Castlegar’s enterprising entrepreneur
Jordan Perkins is living his dream, coaching his staff and cross-promoting Castlegar’s businesses
At 35 years old, Jordan Perkins, franchisee at the Boston Pizza in Castlegar, B.C., has 22 years of experience in the restaurant business. Growing up in a low-income family in Ontario, Perkins wanted to have the kind of stuff his school friends had, so at the age of 13 he got an after-school job in a small pizza place. He was a tall kid who seemed older than his years, and he worked from 4:00 to midnight, five evenings a week.
“I worked in as many restaurants as I could, to get experience,” Perkins said. “I knew I wanted to own a restaurant by the time I was 25, and I almost made it—it took me until I was 26.”
Go west, go south, go
At 21, while he was working in Whistler, Perkins was invited to go to the Caribbean for a couple of months to open a beach bar. The deal included wages of $50 per week, and Perkins grabbed the opportunity.
“I stayed there for two years and I opened three businesses,” he said. “The first one was a success, and then the second one, and the third one too—and then I missed Canada and I came home. Someone told me Kelowna doesn’t get snow, so I hitchhiked from Toronto to Kelowna. For a couple of years I worked in motels and restaurants, including a Boston Pizza, and then the company offered me a great deal financially—to take over the ownership of the Boston Pizza in Castlegar. I said, ‘OK, I’ll do it! Where’s Castlegar?’ ”
Perkins’s resemblance to a certain American celebrity was emphasized when, the night before he was to meet the Boston Pizza staff at his newly acquired restaurant, he buzzed off most of his hair. He found the general reaction to his new look quite amusing.
“Very quickly a rumour started around town that Justin Timberlake had bought the Boston Pizza,” he said, laughing. “So people started coming by to check it out, which helped the whole cause. It was pretty funny, and people still call me Justin as a joke. I’ve kept the short hair—I do it myself and it saves me the cost of haircuts.”
More than just a company man
Perkins has become quite a force for change in the business world in Castlegar. His ideas for cross-promotion among businesses, including encouraging people to shop locally and increasing the flow between Castlegar’s uptown and downtown business areas, have certainly met with the approval of the local chamber of commerce.

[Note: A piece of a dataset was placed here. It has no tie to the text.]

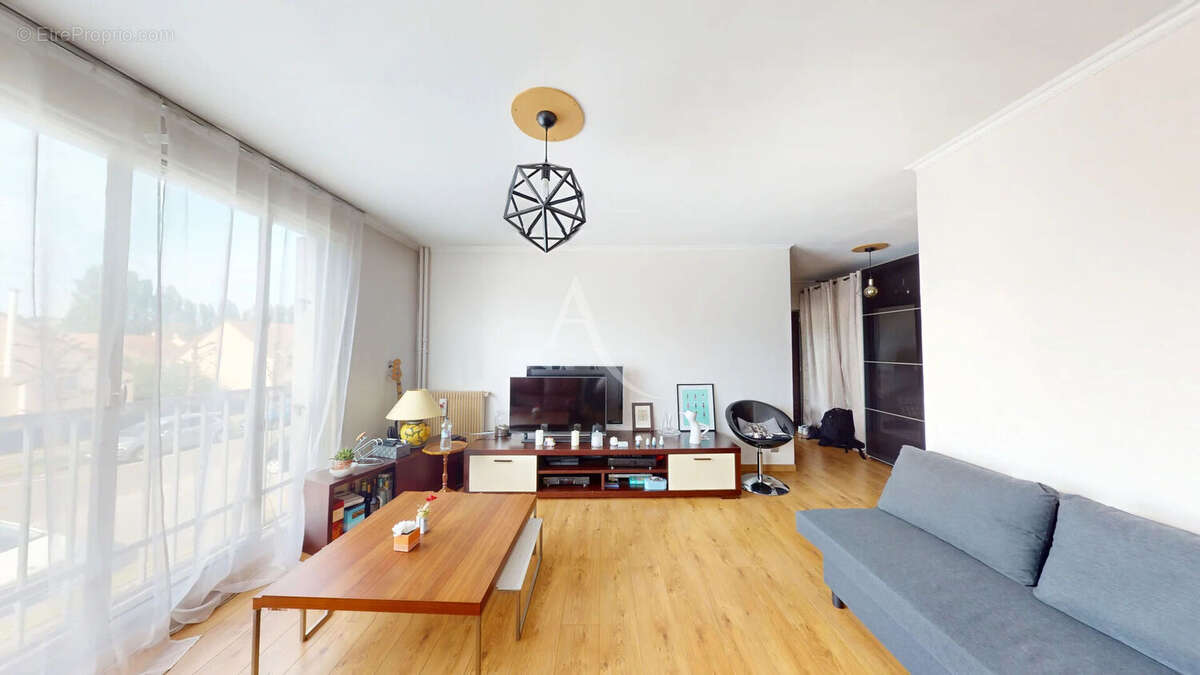 Appartement à VILLEBON-SUR-YVETTE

“He’s a marketing guru,” said Tammy Verigin-Burk, executive director of the Castlegar & District Chamber of Commerce. “He’s drawing people to shop local because they get so many benefits, not just because it’s the right thing to do.”
Perkins is reaching the community in his own unique ways, and profit is not his only motivation.

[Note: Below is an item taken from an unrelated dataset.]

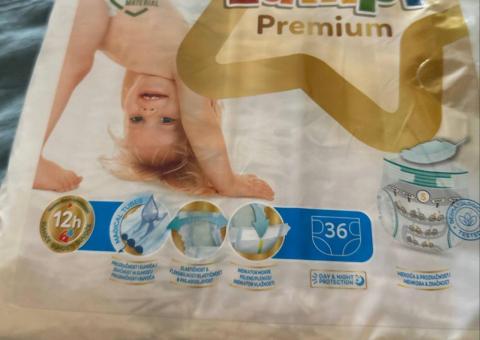 Diapers 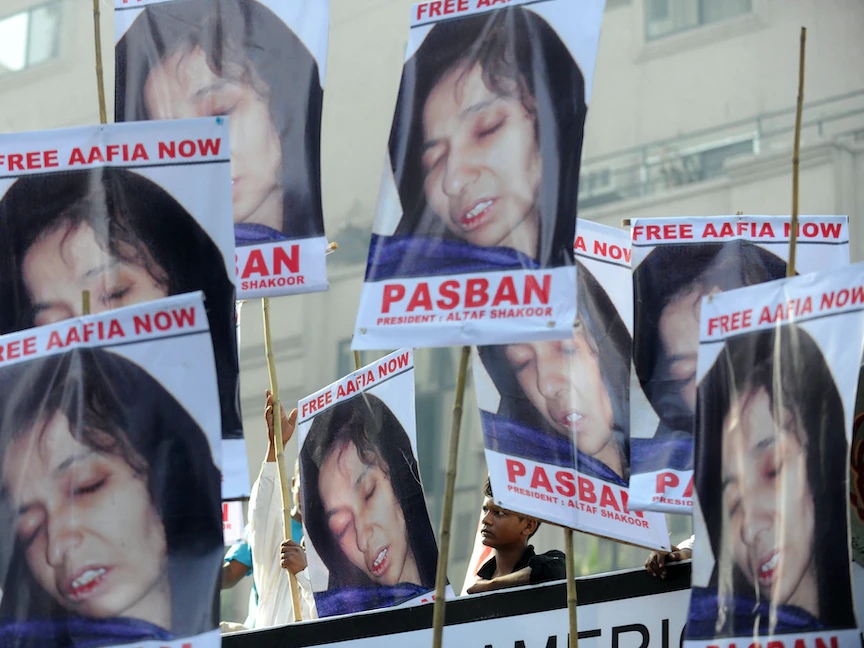 بين "ابنة الأمة" و"سيدة القاعدة".. تاريخ من محاولات إطلاق سراح عافية صديقي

“We have a deal with about a dozen dentists, including some in Trail and Fruitvale,” he said. “Any kid under the age of 10 who goes to one of those dentists gets a free kid’s meal from us at Boston Pizza.”

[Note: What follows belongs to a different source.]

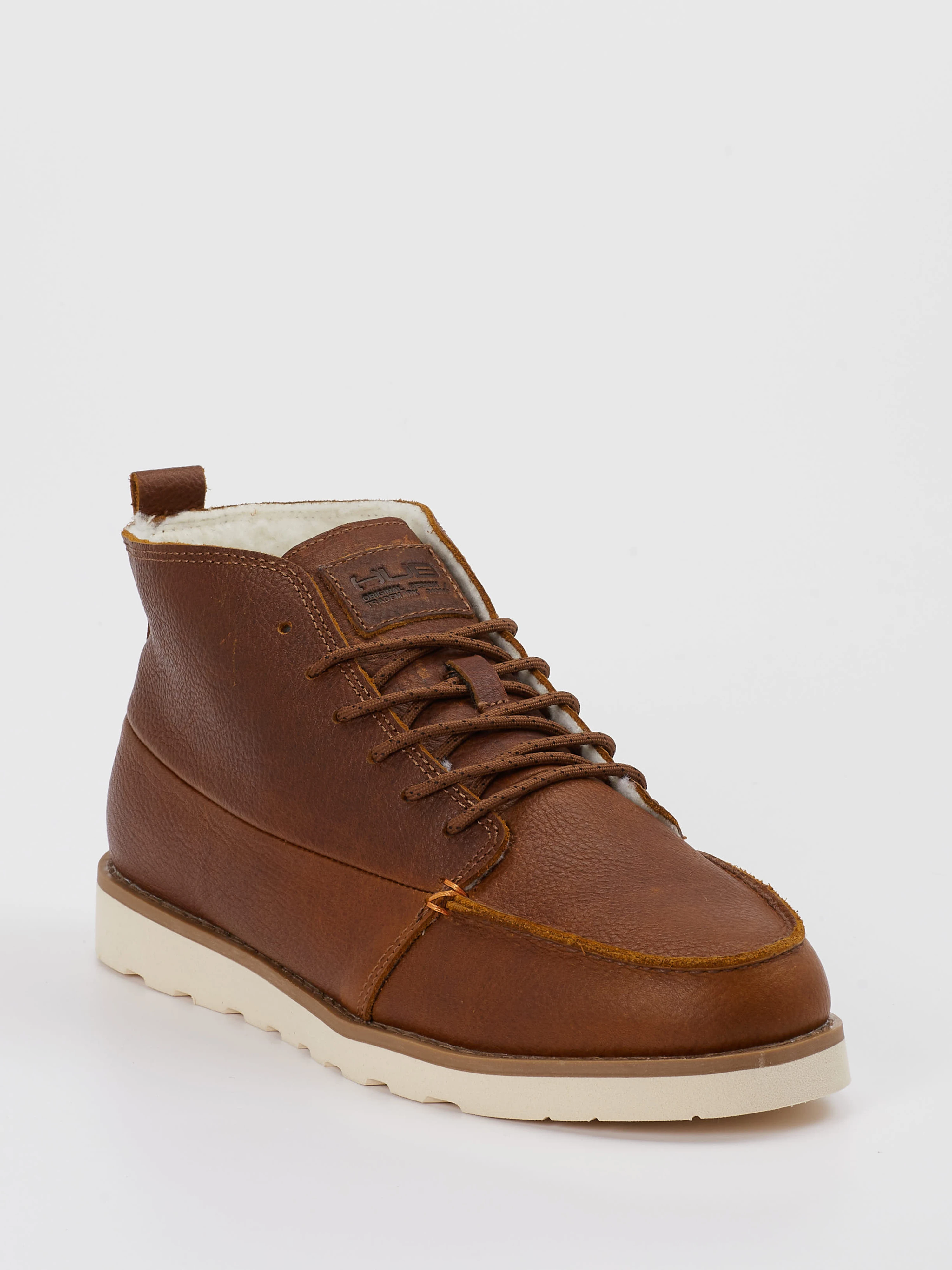 Sneaker high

His support of the local hockey and other sports teams goes beyond cheering them on. Any hockey team or other group of 15 or more gets 20 per cent off their bill if they pre-order. That’s efficient for the restaurant and supportive to the teams.
“We keep track of the receipts for deliveries to guests at the Sandman Hotel,” Perkins said, “and every so often we calculate 10 per cent of the total and give that amount in free Boston Pizza product to the staff as a thank you for recommending us.”
Man with a mission
Perkins likes developing the people who work for him. He tells them that when they leave Boston Pizza, he wants them to have more skills than when they started.
“At work, three things are important: do your job, get along with people and have fun—you need to do all of them,” he said. “If you don’t, you’re disappointing your boss or disappointing yourself or you’re burning out. You always need to raise the bar—try to do better than the guy beside you, without putting him down. You want the whole team to win. The restaurant business is not a sprint, it’s an endurance race.”
Perkins describes himself as a leader rather than a boss, and he remembers his humble beginnings. “I still do dishes,” he said. “I deliver pizzas, I do all the maintenance here—I do whatever it takes.”
Balancing the work
A couple of years ago Perkins tried his hand at painting, and he has developed a style that’s bold, colourful and big—his canvases are one metre square or bigger. He likes to create his own version of portraits of celebrities and is planning to do a portrait of Leo Tolstoy for the Castlegar Art Walk. Tolstoy was an ardent supporter of the Doukhobor emigration fund when the first members of that religious sect came to Canada; many settled in the Castlegar area. You can see some of Perkins’s work on his Facebook page.
Perkins is also a whitewater paddleboard instructor who frequently makes trips on the Columbia River from Millennium Park down to Genelle or Trail, just to show people how beautiful it is.
In the typical poor-kid-makes-good story, the poor kid often becomes a shark. In this case, however, the kid is enriching his business community, he’s contributing to its culture and he’s employing and mentoring its young people. Not a shark, then, but certainly a catch.